HOULTON — Monday, Jan. 12, marked 200 years since British troops from Fort Maductic marched to the Plantation of Houlton and demanded that the residents of the tiny community either sign an oath that they would behave peaceably and quietly and not take up arms against His Britannic Majesty. The alternative to taking the oath was to leave the area east of the Penobscot River, which the British then considered a part of New Brunswick.
Contributed photo/Michael Clark
ROTARY GUEST — Terry Thomas, president of the Woodstock Rotary Club, left, was the featured speaker at a joint meeting of the Woodstock and Houlton Rotary Clubs Jan. 12. With Thomas is Houlton Rotarian Leigh Cummings. The joint meeting commemorated the Bicentennial of the “Battle of Houlton.”
Members of the Houlton Rotary Club listened to a presentation on that historic event during a Jan. 12 meeting.
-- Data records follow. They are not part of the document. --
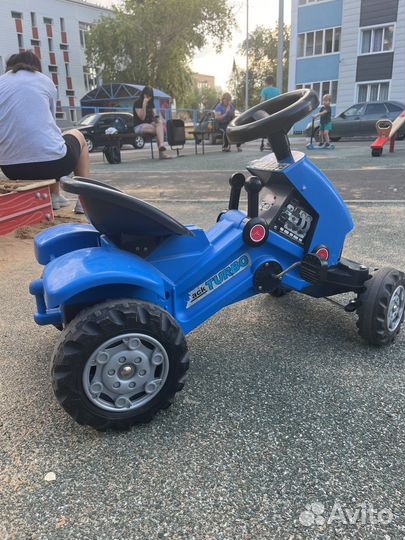 Детский трактор с педалями и прицепом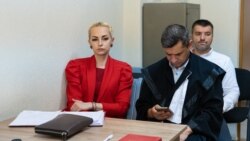 Deputata Marina Tauber și avocații săi la una dintre ședințele de judecată în dosarul finanțării ilegale a Partidului Șor.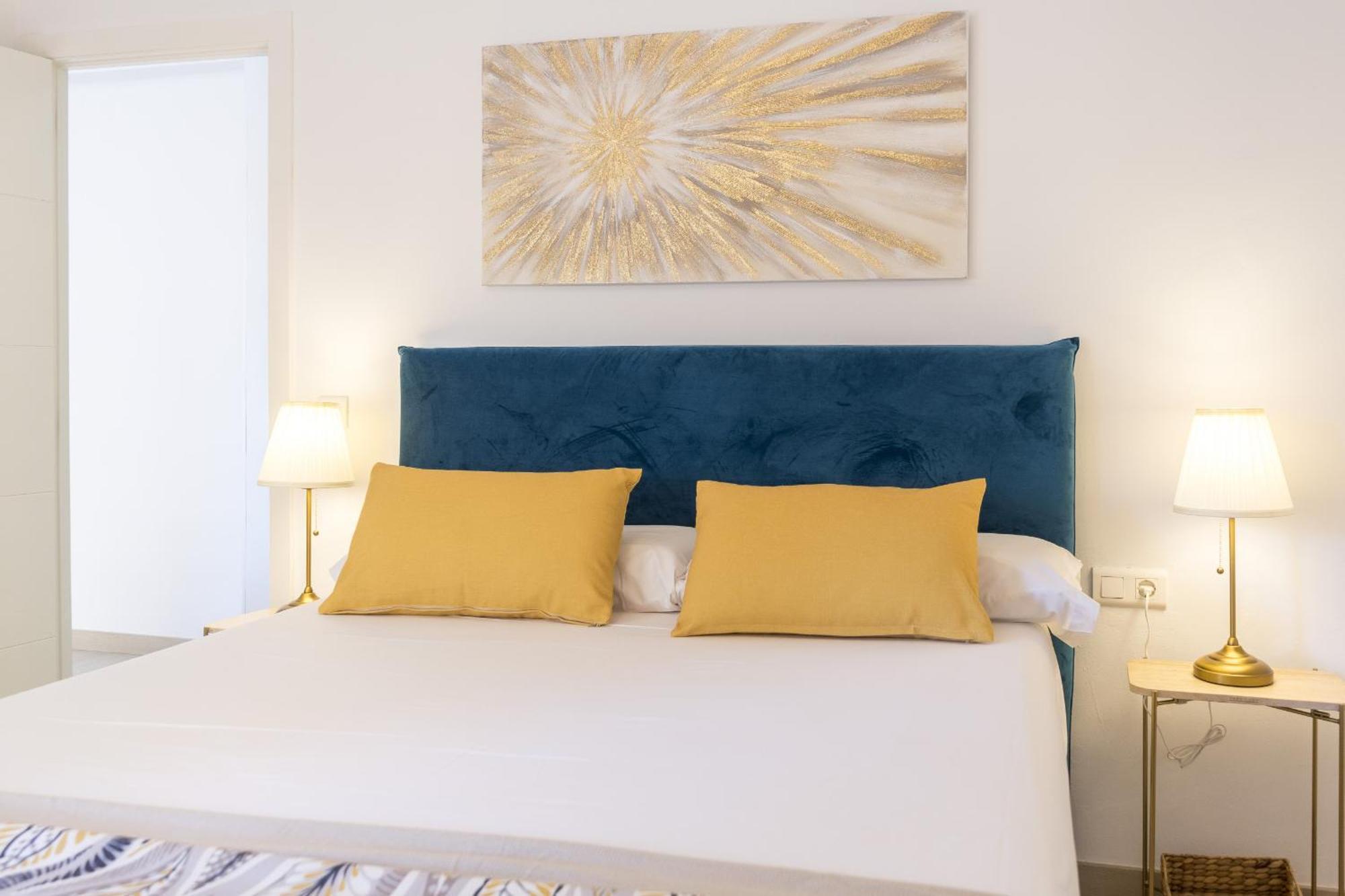 Two Bedroom Near Playa Del Palo By Sharingco * Malaga
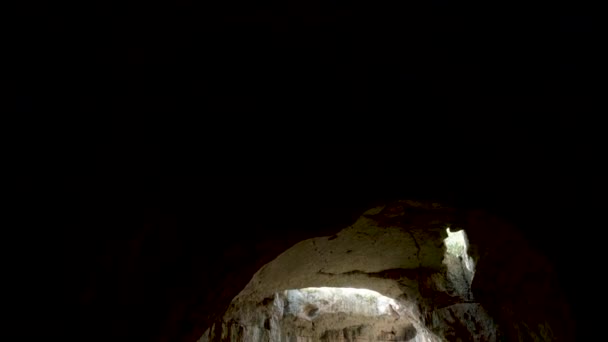 Panorama abajo tiro de gran cueva en las montañas — Vídeo de stock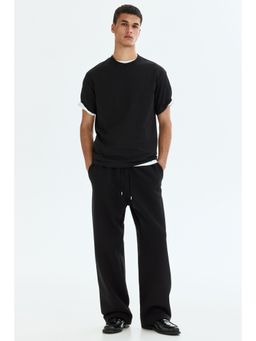 H&M - Men Black Loose Fit Sweatpants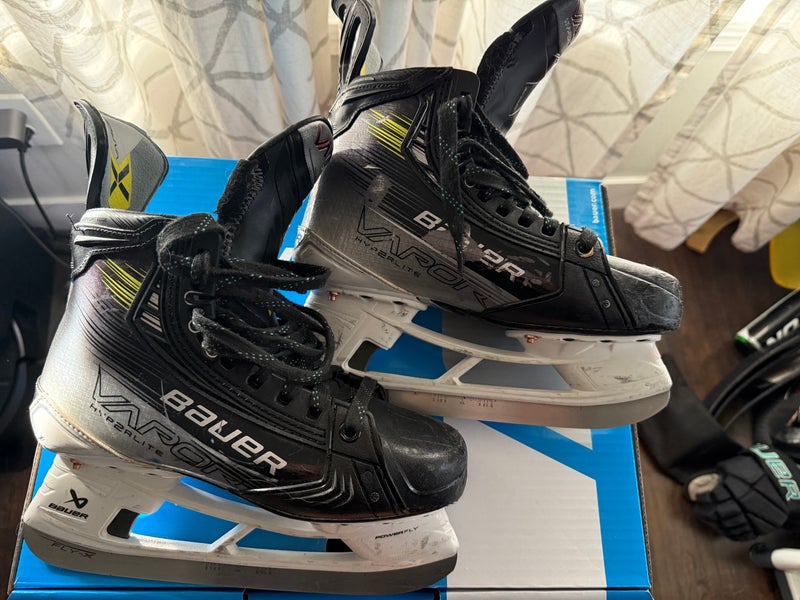 Bauer Vapor Hyperlite 2 Hockey Skates Regular Width Size 5.5 (Used)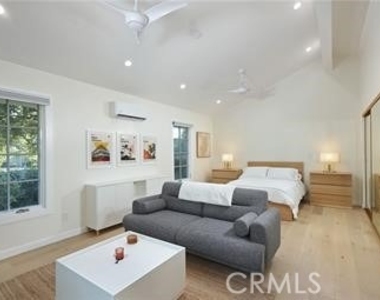 214 Sierra Madre Boulevard - Photo Thumbnail 15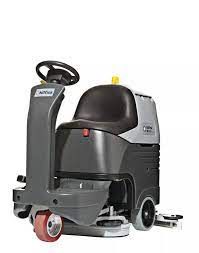 NILFISK BR752 RIDE ON FLOOR SCRUBBER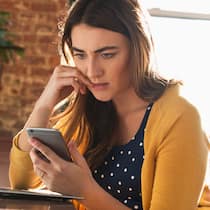 Wenn die Arbeit zu Hause weitergeht Angestellte checkt Mails in der Freizeit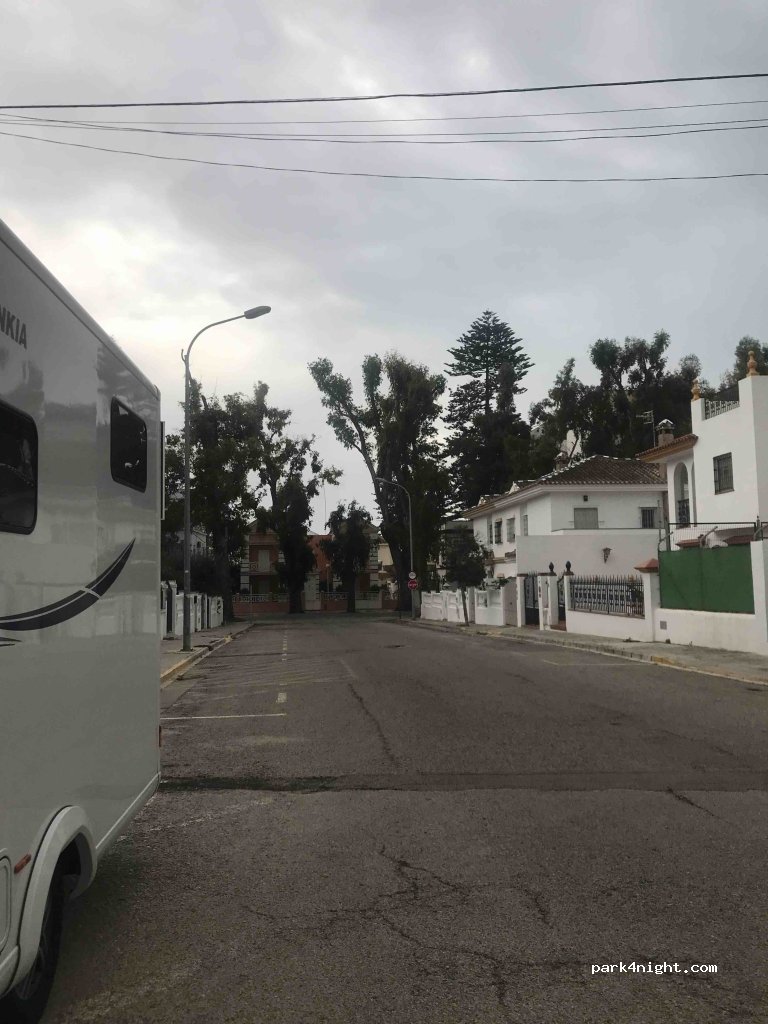 (11550) Chipiona - 67 Avenida de Cádiz — foto 2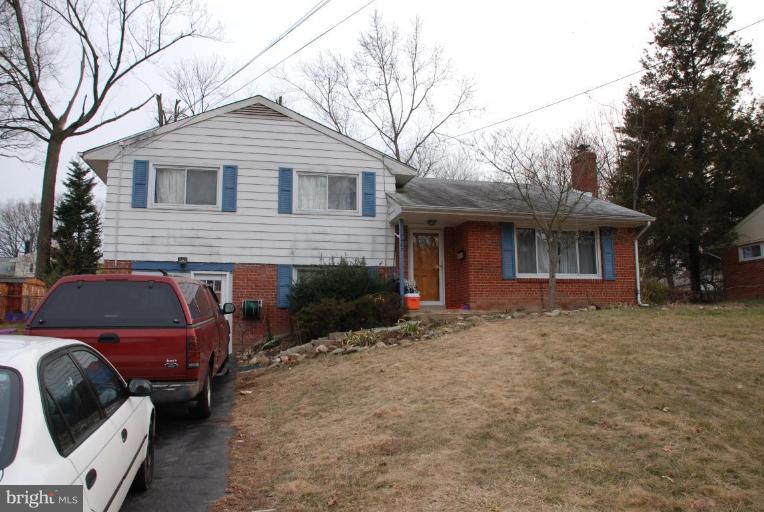 7407 Jervis Street Springfield, VA 22151 - Photo 1 of 5 Exterior (Main)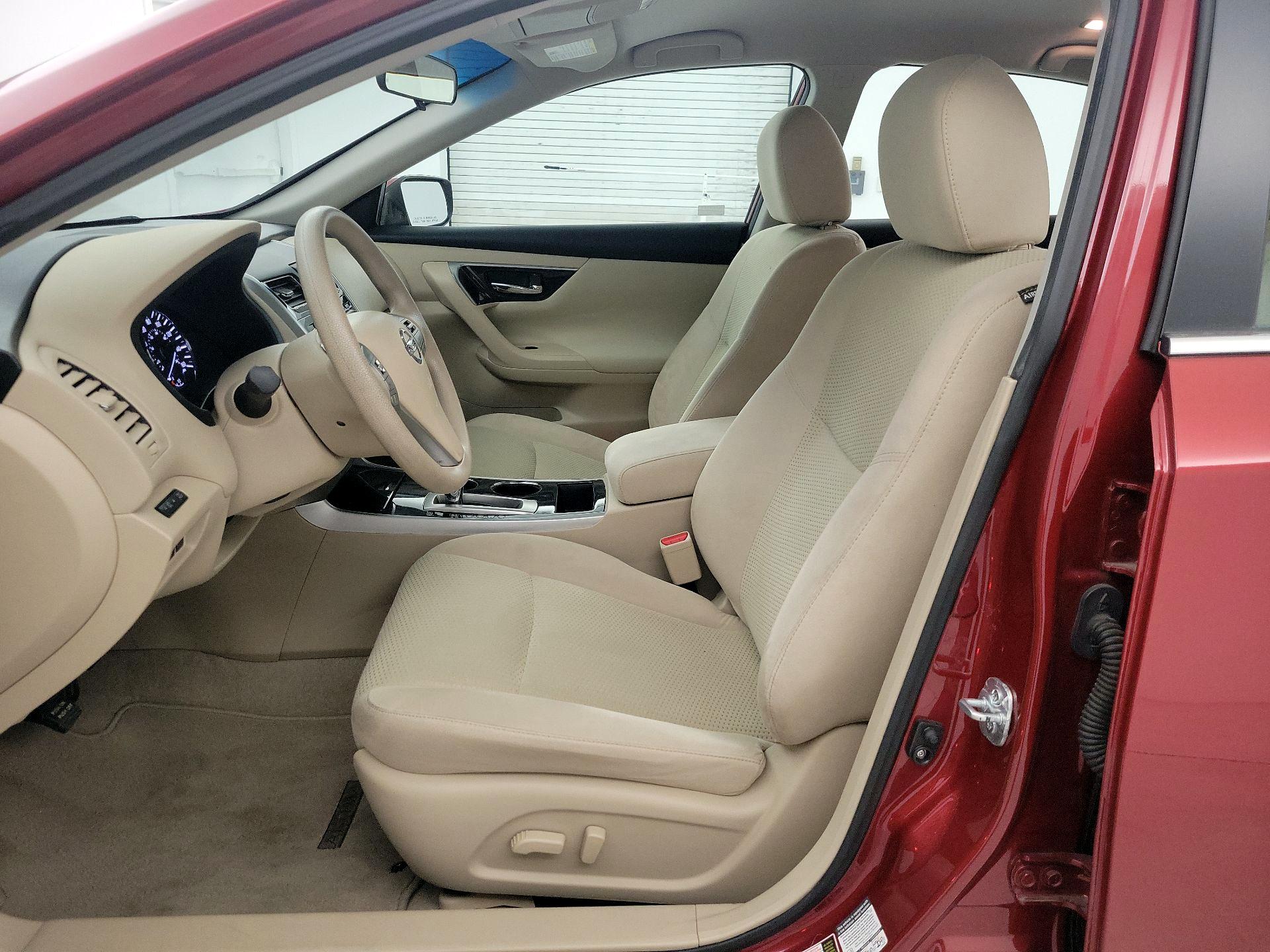 Thumbnail: 2014 Nissan Altima - 11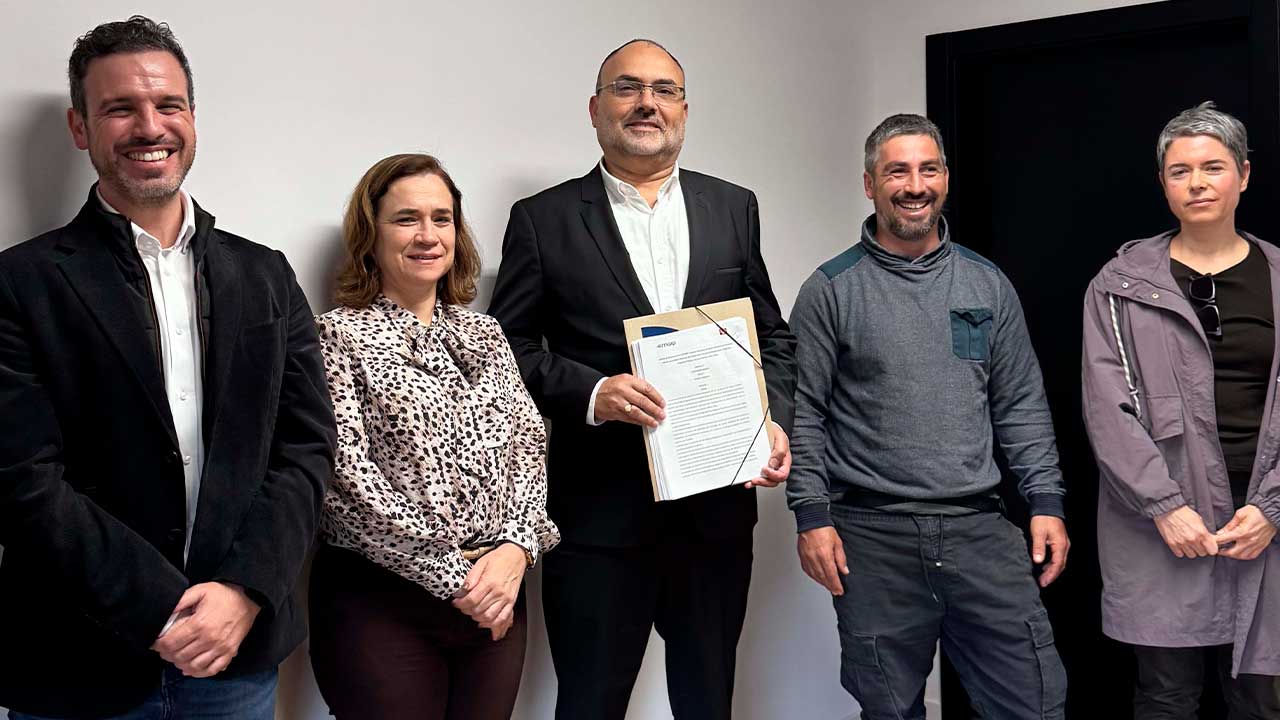 EMARP conclui acordo com sindicatos e atualiza salários, introduzindo novas regalias e medidas de conciliação que impactam diretamente os trabalhadores.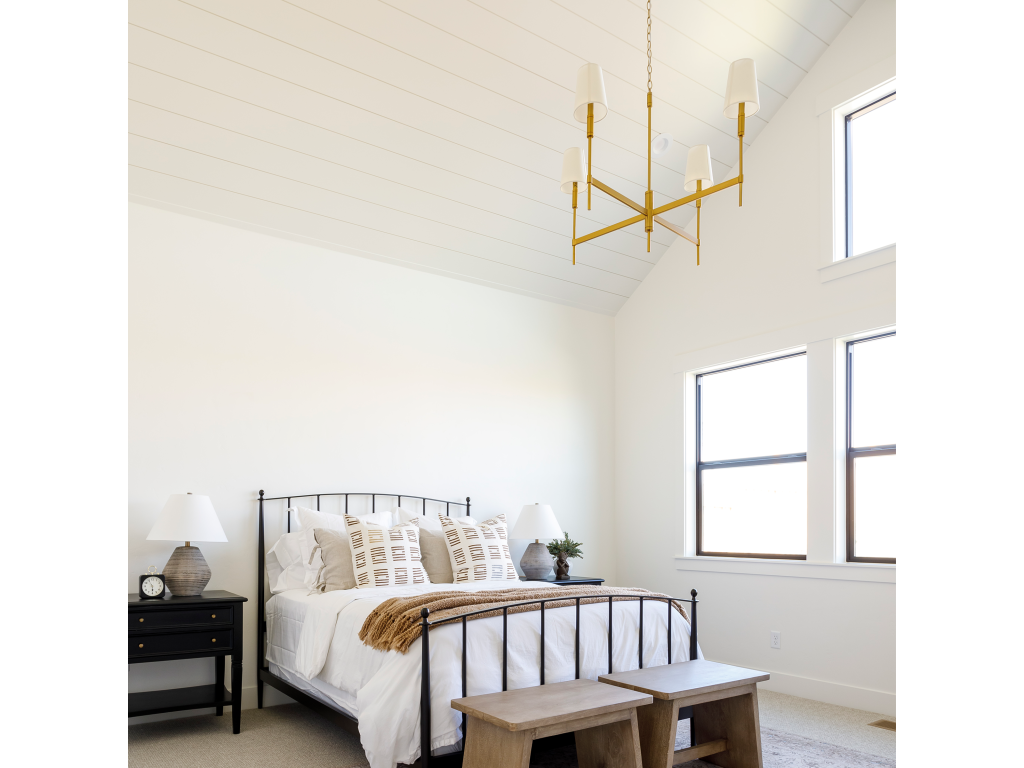 Beckham Classic Medium Chandelier - image 2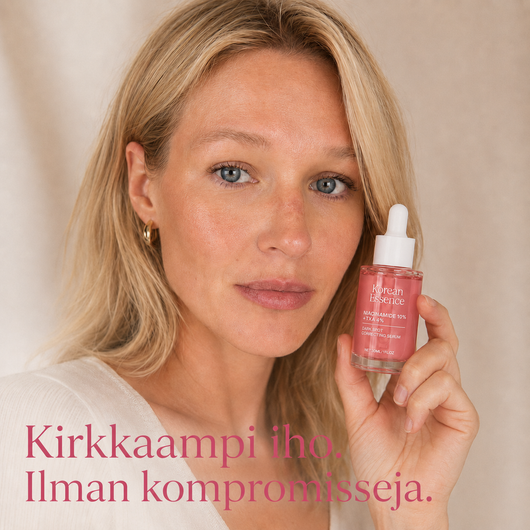 Nainen pitelee Dark Spot Correcting Serum -pulloa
Due to inclement weather the scheduled speaker, military historian and author Gary Campbell of New Maryland, New Brunswick was unable to attend. Leigh Cummings, past district governor of New Brunswick and Eastern Maine, presented Campbell’s program and explained the significance of the Battle of Houlton. This action represented the last time that British military forces “invaded” US soil.
The meeting between the two Rotary Clubs was the first in many years. Both clubs expressed a desire that other joint meetings will follow.